A Commons motion, tabled by Labour MP Fabian Hamilton, condemns this as "profiteering on items promoting and glorifying hatred and violence".
Nazi memorabilia sales are illegal in France, Germany, Austria and Hungary.
Large UK auction houses like Christie's, Sotheby's and Bonhams refuse to sell such material, as does e-Bay.
'Glorifying'
The silver tray sold last week by Dreweatts Auction House in Bristol, had been expected it to sell for £1,000.
It bears the Nazi leader's personal German eagle crest and initials, and was a gift from his chief architect Albert Speer, who later became Germany's minister of armaments.
Last month, a surgical equipment set believed to have been owned by Major Anton Burger, commandant of the Theresienstadt concentration camp during World War II, was withdrawn from an auction in Cornwall after phone and email threats.

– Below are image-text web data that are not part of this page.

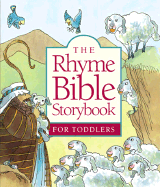 Toddler Rhyme Bible - Sattgast, Linda J, and Sattgast, L J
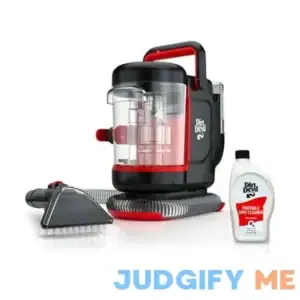 Dirt Devil Portable Carpet & Upholstery Spot Cleaner FD13010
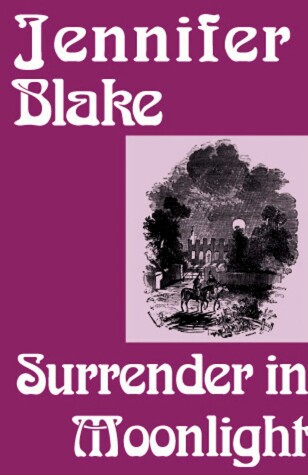 Book cover for Surrender in Moonlight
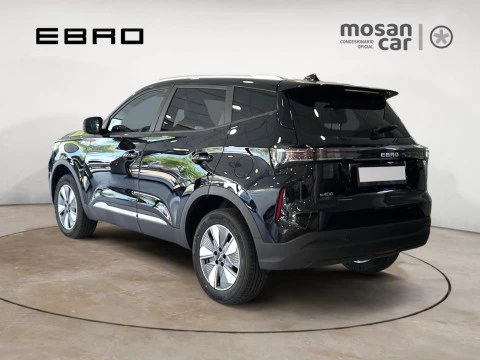 EBRO S400 1.5 DHE HEV Excellence CVT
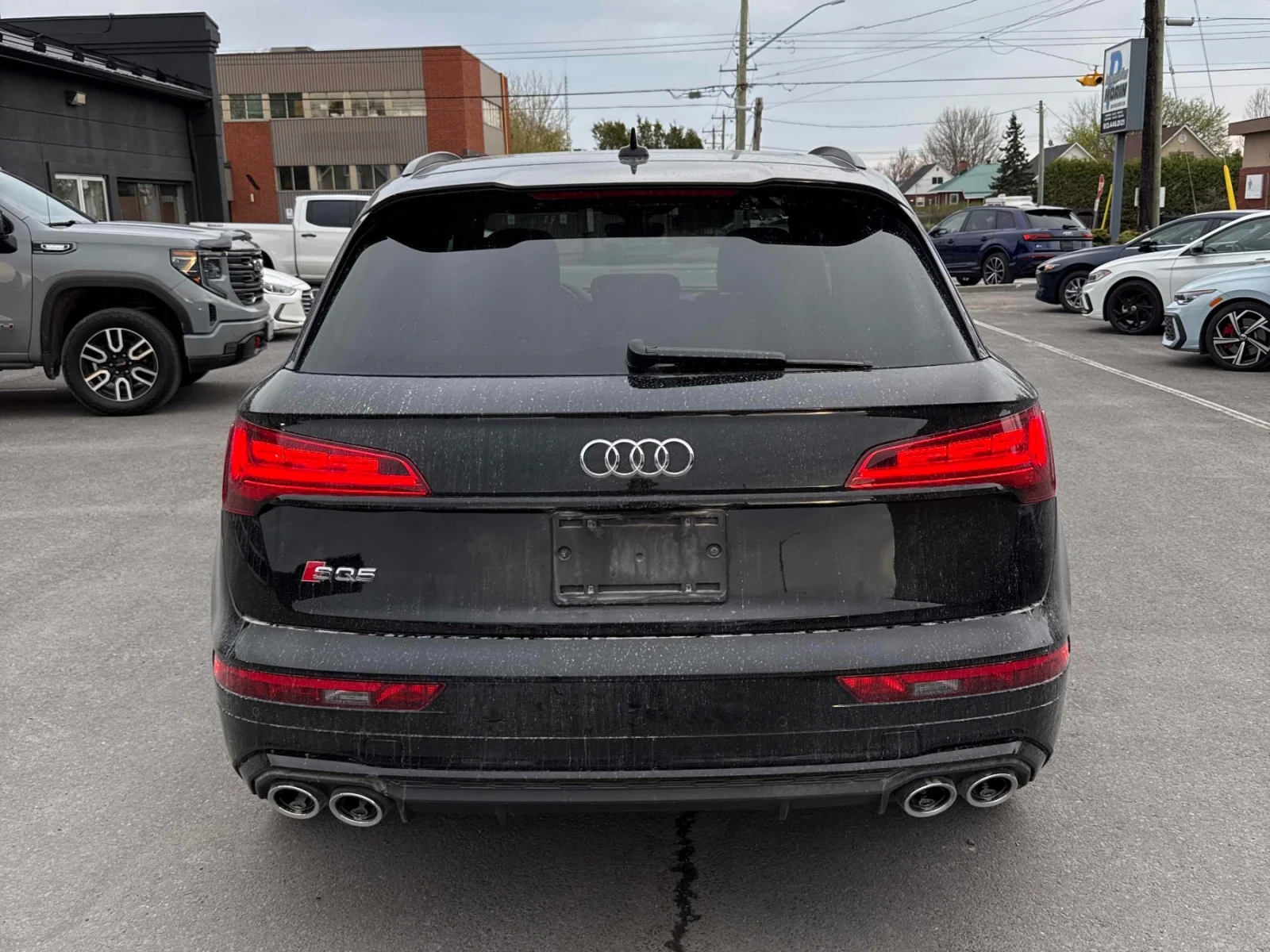 Audi SQ5 ДИСТРОНИК * ВЪЗДУХ * CARBON * ПОДГРЕВ * ПАНО, снимка 2 - Автомобили и джипове - 55254364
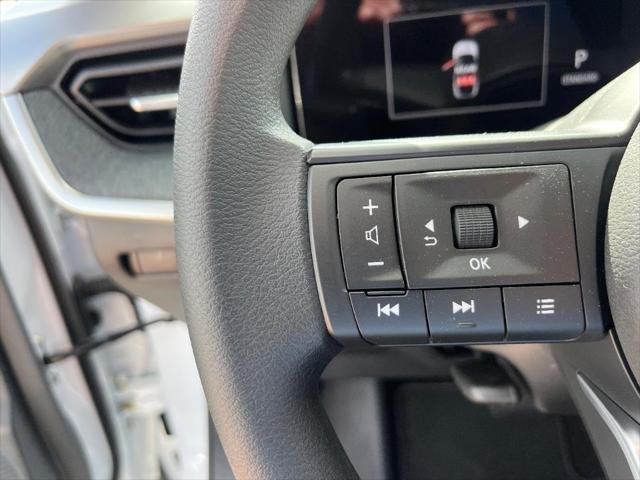 new 2025 Nissan Kicks car, priced at $26,187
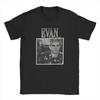 Evan Peters Retro Portrait T-Shirt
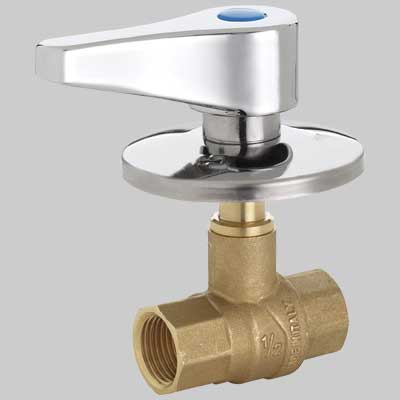 Arresto A Sfera Con Leva F/F 3/4 F.I.V.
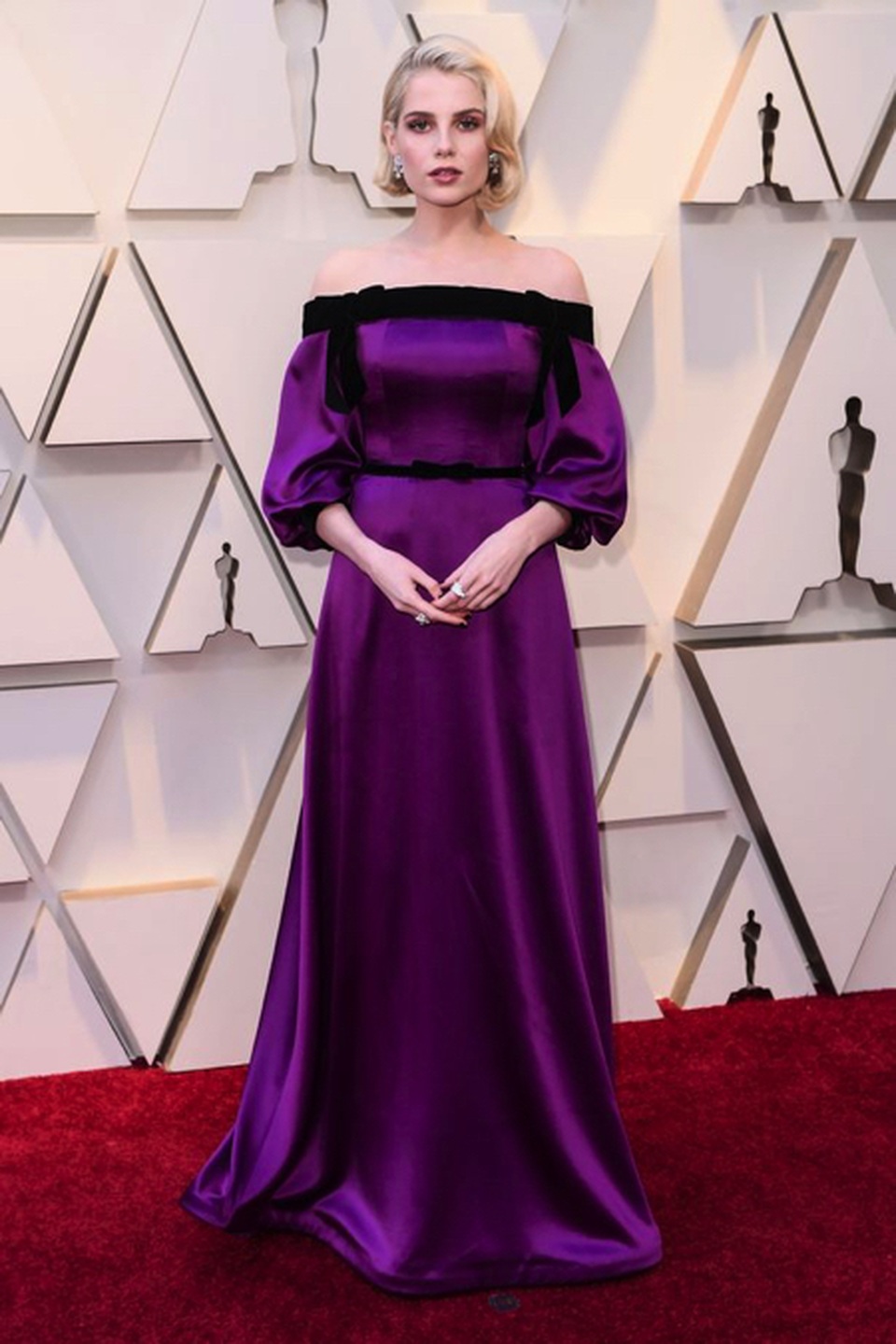 Khi các sao đua nhau tạo “thảm hoạ” thời trang tại lễ trao giải Oscar - 7 Khi các sao đua nhau tạo “thảm hoạ” thời trang tại lễ trao giải Oscar - 7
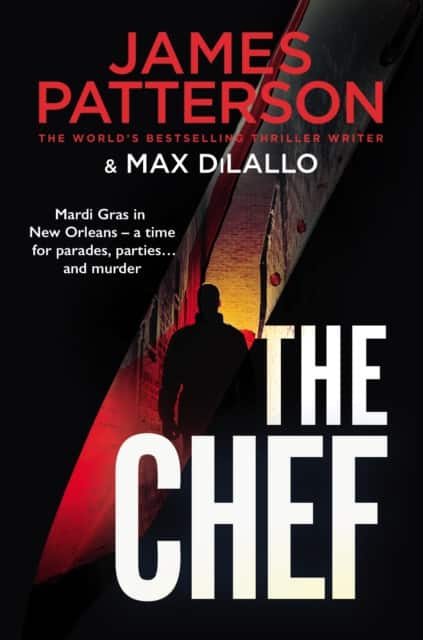 The Chef av James Patterson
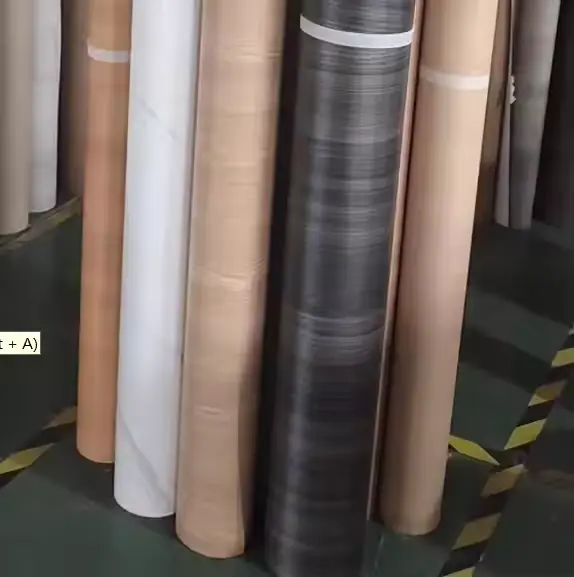 Ffilm Addurnol PVC Wood 0.08mm-0.30mm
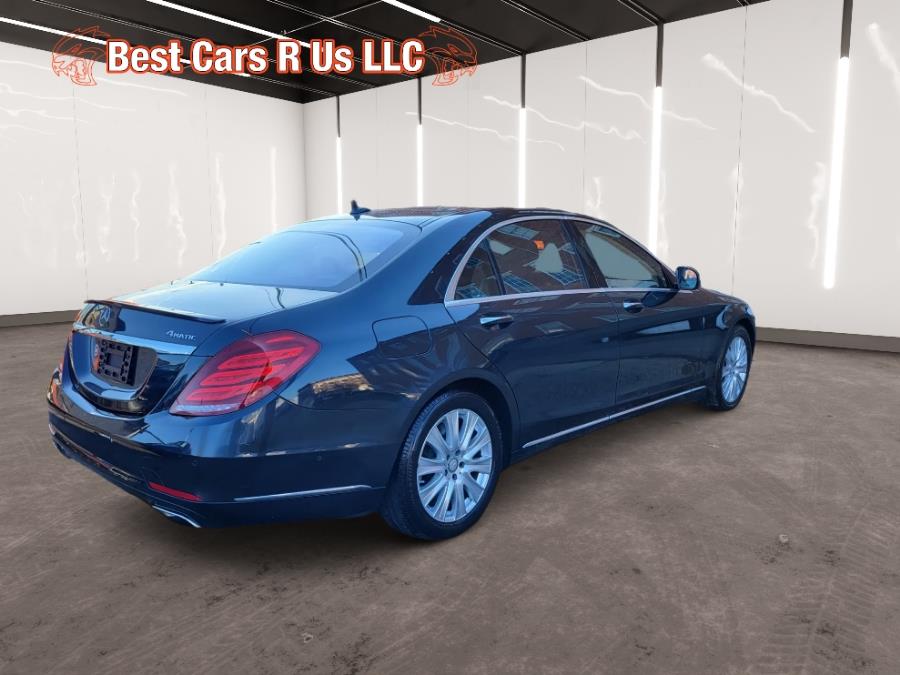 2015 Mercedes-Benz S-Class 4dr Sdn S550 4MATIC, available for sale in Plainfield, New Jersey | Best Cars R Us LLC. Plainfield, New Jersey 2015 Mercedes-Benz S-Class 4dr Sdn S550 4MATIC, available for sale in Plainfield, New Jersey | Best Cars R Us LLC. Plainfield, New Jersey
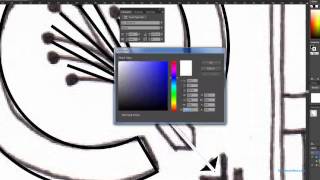 Typography Design Process Video #TypeDesignQUT_2015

The parliamentary motion has been signed by Mr Hamilton, who represents Leeds North East, as well as Lib Dem Stephen Williams and Labour's Mike Gapes, MPs for Bristol West and Ilford South.
It says: "That this House deeply deplores the sale of dozens of items of Nazi memorabilia, including items of oppression belonging to Holocaust victims, which was held on 6 March 2012 by Dreweatts Auction House in Bristol."
It also "decries the profiteering on items promoting and glorifying hatred and violence" and "applauds" firms which have banned such sales.
And it urges ministers to "bring in immediate regulation and control of this abhorrent trade".